11. The polypeptide of claim 1, wherein the Apicomplexan parasite is from the Aconoidasida class, the Gregarinasina subclass, or the Coccidia subclass.

12.-13. (canceled)

14. The polypeptide of claim 1, wherein the disease-causing agent comprises a species of Eimeria.

15. The polypeptide of claim 14, wherein the species of Eimeria is Eimeria tenella or Eimeria maxima.

16. The polypeptide of claim 14, wherein the VHH specifically binds an Eimeria virulence factor.

17. The polypeptide of claim 15, wherein the VHH specifically binds an antigen or polypeptide at least 60%, 70%, 80%, 90%, 95%, 98%, 99%, or 100% identical to SEQ IDs Nos: 101 to 110 or combinations thereof.

18. The polypeptide of claim 16, wherein the Eimeria virulence factor is EmMIC1 polypeptide, EmMIC1-like polypeptide, EtMIC1 polypeptide, EtMIC1-like polypeptide, EmMIC2 polypeptide, EmMIC2-like polypeptide, EtMIC2 polypeptide, EtMIC2-like polypeptide, EmAMA1 polypeptide, EmAMA1-like polypeptide, EtAMA1 polypeptide, EtAMA1-like polypeptide, EmRON2 polypeptide, EmAMA1-binding EmRON2 peptide, EmAMA1-binding EmRON2-like peptide, EmRON2-like polypeptide, EtRON2 polypeptide, EtRON2-like polypeptide, EtAMA1-binding EtRON2 peptide, or EmAMA1-binding EmRON2-like peptide.

19. A nucleic acid encoding the polypeptide of claim 1.

20. (canceled)

21. An expression vector comprising the nucleic acid of claim 19.

22. A cell comprising the nucleic acid of claim 19. of nucleic acids of claim 20.

23.-30. (canceled)

31. The polypeptide of claim 1 further comprising a vitamin, an antibiotic, a hormone, an antimicrobial peptide, a steroid, a probiotic, a probiotic, a bacteriophage, chitin, chitosan, B-1,3-glucan, vegetable extracts, peptone, shrimp meal, krill, algae, B-cyclodextran, alginate, gum, tragacanth, pectin, gelatin, an additive spray, a toxin binder, a short chain fatty acid, a medium chain fatty acid, yeast, a yeast extract, sugar, a digestive enzyme, a digestive compound, an essential mineral, an essential salt, or fibre.

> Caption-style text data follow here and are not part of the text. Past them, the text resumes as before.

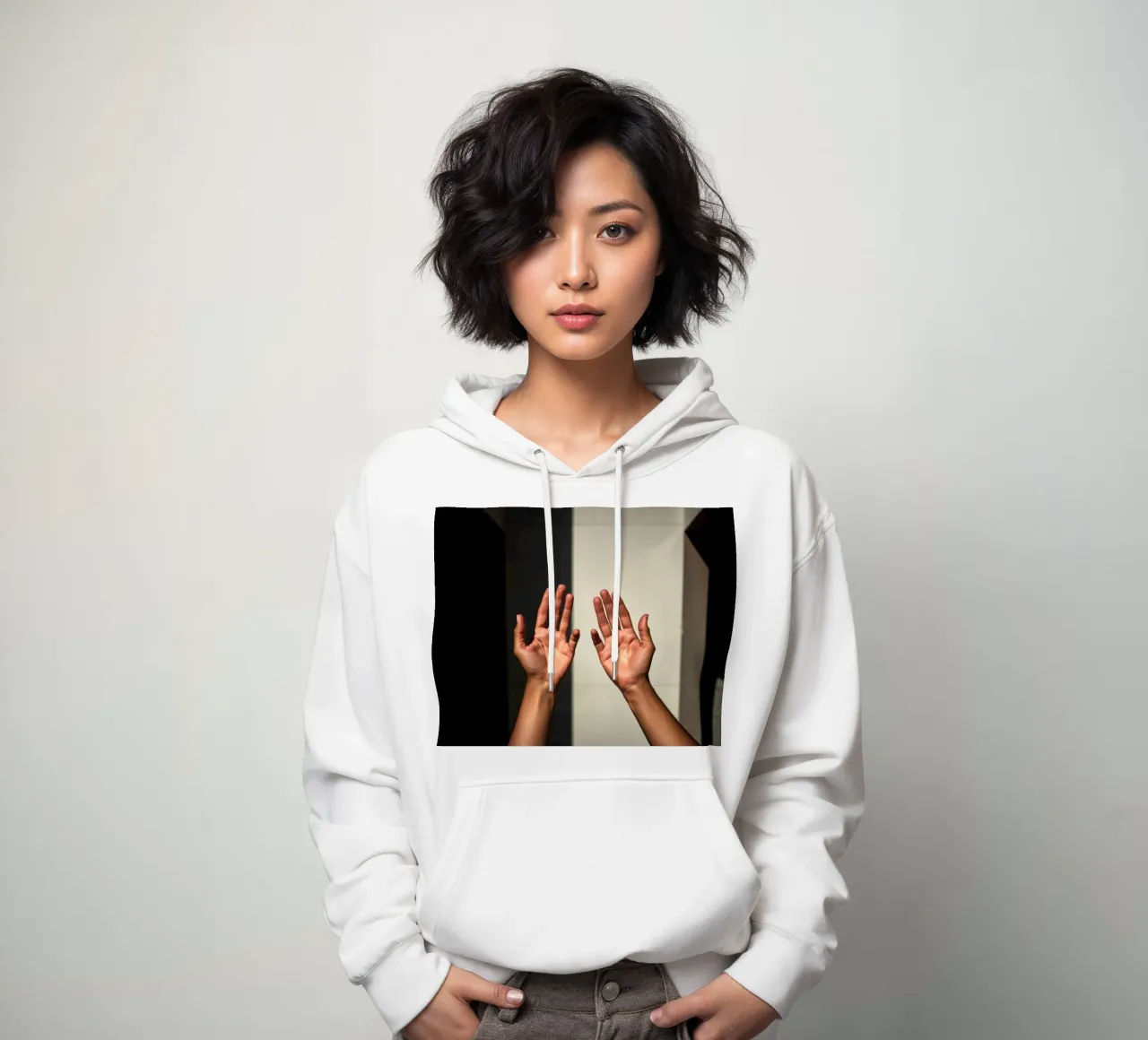 Mani protese verso la luce in un ambiente minimalista felpa con cappuccio da DesignDoodle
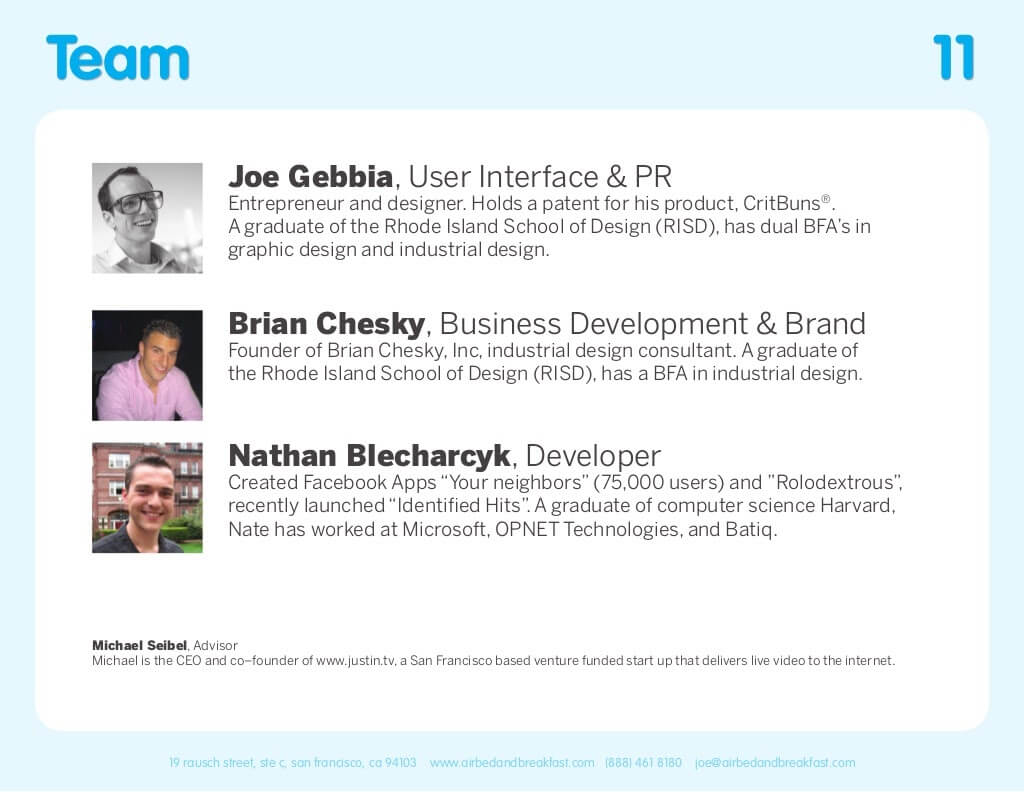 Original Airbnb pitch deck team slide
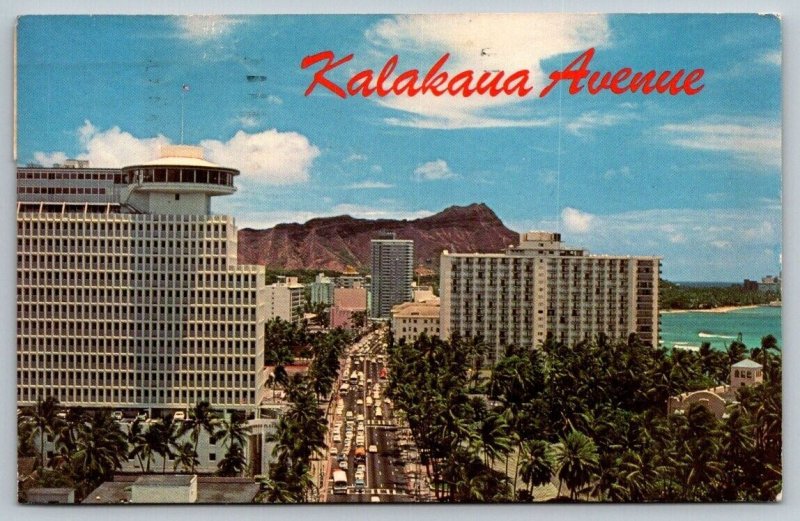 Kalakaua Avenue Hawaii - 1973  - Postcard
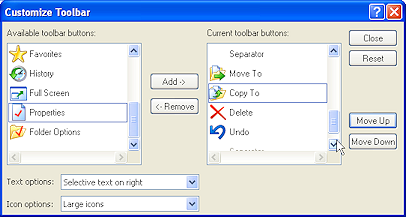 Dialog: Customize Toolbar, with added buttons (‌WinXP)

32. A method of producing the polypeptide of claim 1, comprising (a) incubating a cell in a medium suitable for secretion of the polypeptide from the cell; and (b) purifying the polypeptide from the medium.

33. A method of reducing or preventing a poultry-associated parasite infection in a non-human animal comprising administering the polypeptide of claim 1 to the non-human animal.

34. A method for reducing transmission or preventing transmission of a poultry-associated parasite from a poultry species to a non-human animal comprising administering the polypeptide of claim 1 to the poultry species.

35. The method of claim 34, wherein the non-human animal is a species of a chicken, turkey, duck, quail, pigeon, squab, ostrich, pheasant, or goose.

36. The method of claim 34, wherein the non-human animal is a cow, sheep, goat, fish, rabbit, camel, llama, guanaco, alpaca, or vicuna.

37. The method of claim 34, wherein the polypeptide is formulated for introduction to the alimentary canal orally or rectally, provided to the exterior surface, provided to the medium in which the animal dwells, provided by injection, provided intravenously, provided via the respiratory system, provided via diffusion, provided via absorption by the endothelium or epithelium, or provided via a secondary organism such as a yeast, bacterium, algae, bacteriophages, plants and insects to a host.